| Wilders is standing trial for inciting hatred and discrimination against Muslims in his comments in the media [AFP]
A string of scandals within the Dutch far-right Freedom Party (PVV) of Geert Wilders has rocked the stability of the Netherlands' new minority government.
The right-leaning minority coalition was formed last month after parliamentary elections in June in which the PVV increased its representation from nine to 24 members, making it the third largest party in the country.
James Sharpe, one of the PVV's legislators, resigned on Thursday because of a row surrounding his criminal convictions, making him the seventh PPV member of parliament whose history has come under scrutiny from the Dutch media.
Sharpe resigned after the media reported that his Hungary-based internet dating company had been fined for misleading customers. The website of Sharpe's company had tried to lure its users by featuring pictures of models that were not available for dating.
Sharpe, who was promptly replaced in parliament, denied any wrongdoing but "the evidence is all over the internet," the Dutch newspaper nrc.next reported.
The incident was the latest in a wide range of scandals involving PVV politicians.
Media in Holland reported last week that Eric Lucassen, a former army instructor and PVV legislator, had been convicted of having sex with teenage soldiers under his command.

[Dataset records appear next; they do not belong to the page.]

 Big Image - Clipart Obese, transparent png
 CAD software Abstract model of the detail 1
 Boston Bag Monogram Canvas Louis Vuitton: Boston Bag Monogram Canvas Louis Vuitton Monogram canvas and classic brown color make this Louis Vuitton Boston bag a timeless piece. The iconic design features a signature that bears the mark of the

Lucassen concealed his criminal record during the vetting process for his candidacy. He also held back that he was fined for harassing his neighbours by urinating in one of his neighbours' mailbox. The dispute revolved around the neighbour's dog, which had allegedly defecated on Lucassen's doorstep.

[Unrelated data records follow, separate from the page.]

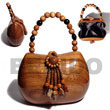 Cebu Island Collectible Handcarved Laminated Acacia Acacia Bags Philippines Natural Handmade Products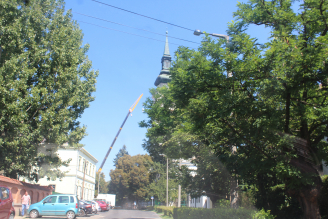 Felújítják a Református templom tornyát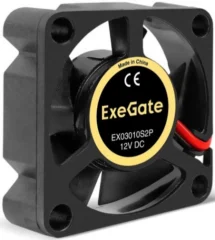 Exegate 30x30x10 мм 10000rpm 4.8CFM 28,5dBA 2-pin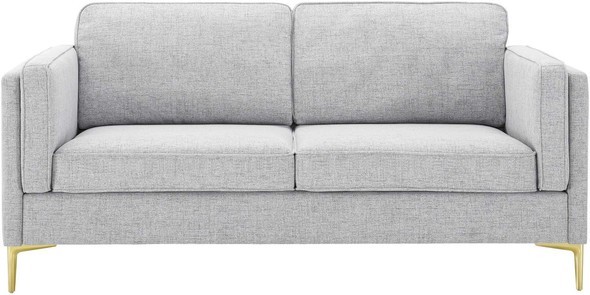 sectional couch with pull out bed and storage Modway Furniture Sofas and Armchairs Light Gray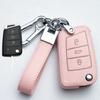 ycpry6 Car Key Case Bag Cover For Volkswagen VW Polo Golf 7 MK7 Passat Tiguan MK2 Beetle Caddy T5 Up Eos Skoda Octavia Seat Leon Altea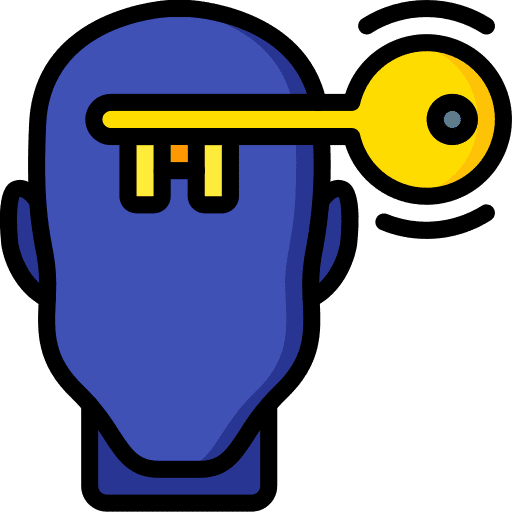 Open mind thinking mind open mind icon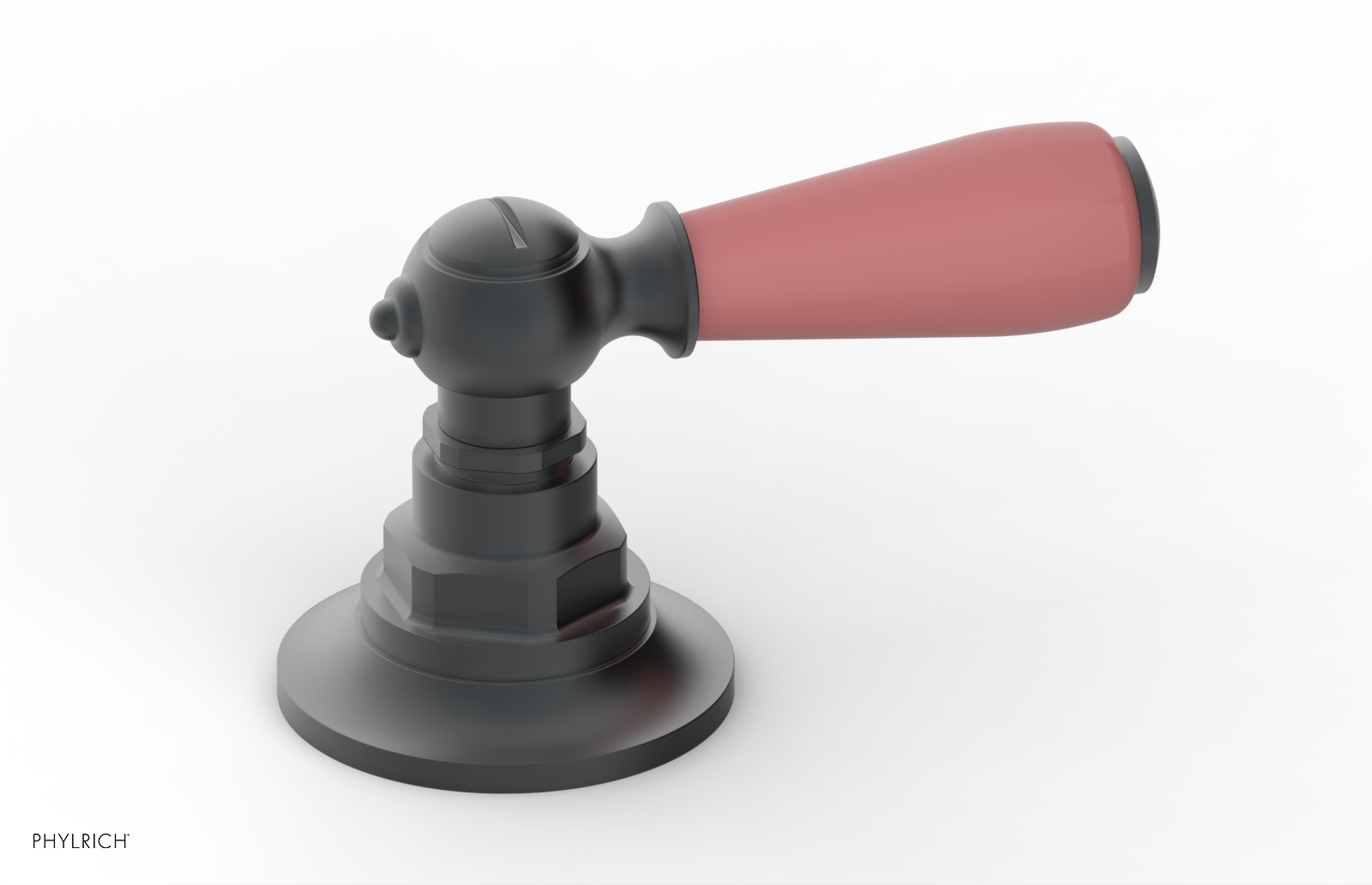 JAMESTOWN - Volume Control/Diverter Trim - Lever Handle with "Pink" Accents 165-36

Before the scandal, Lucassen had been the PVV's spokesman on neighbourhood issues.
Wilders apologised to voters and parliament because of the row, but refused to remove Lucassen from parliament.

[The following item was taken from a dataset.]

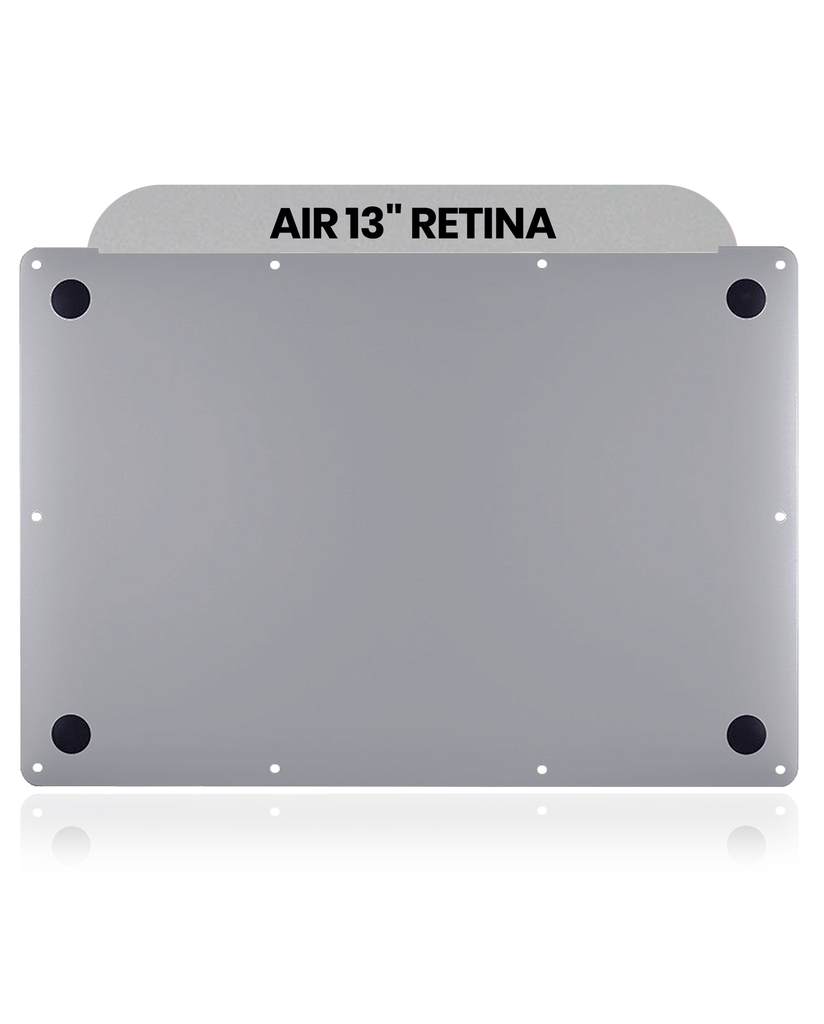 Coque - châssis inférieur - compatible MacBook Air 13" Retina - A1932 - Fin 2018 - Début 2019 - Milieu 2019 et A2179 Début 2020 - Argent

"He will no longer speak on behalf of the PVV on defence or neighbourhood policy," Wilders said.
Due to the PVV's spectacular growth, the party had not carried out proper research into its candidates, Wilders said. The PVV leader said the disclosure of the incidents had not put the stability of the government at risk.
Five other PVV members of parliament have also come under media scrutiny for alleged dubious behaviour.
In 2006, Dion Graus allegedly tried to smother his highly pregnant wife after he had allegedly physically assaulted her. The charges were dropped due to lack of evidence.
Hero Brinkman, one of the party's most outspoken politicians, came under media scrutiny after head-butting a waiter during a bar brawl.
In an unrelated incident earlier this year, Marcial Hernandez spent a night in jail after being arrested for his part in another bar fight. That case is still being investigated.
Jhim van Bemmel has been accused of bankruptcy fraud.
Richard de Mos lied on his CV, claiming to have been "head of a school" in a rough neighbourhood of The Hague, while he was in fact a teacher at a primary school. Asked about the allegations, De Mos said he had done a two-year course to become a school director and had all the necessary certificates.
Wilders himself is expected back in court early next year to face charges of inciting racial hatred.
In 2007, he branded the Quran as "fascist" and later released Fitna, an anti-Islam film that drew complaints from civil society groups. Wilders says the charges against him are politically motivated. The minority cabinet of the Christian Democrats (CDA) and Liberals (VVD) relies on the support of Wilders' anti-Islam party to maintain a flimsy one-seat majority in parliament.
NRC Handelsblad, a daily newspaper, reported that the Christian Democrats are concerned about the reputation of a cabinet that has to depend on PVV legislators.
Opposition parties have called on Mark Rutte, the prime minister, to explain how the PVV's record affects the stability of the government.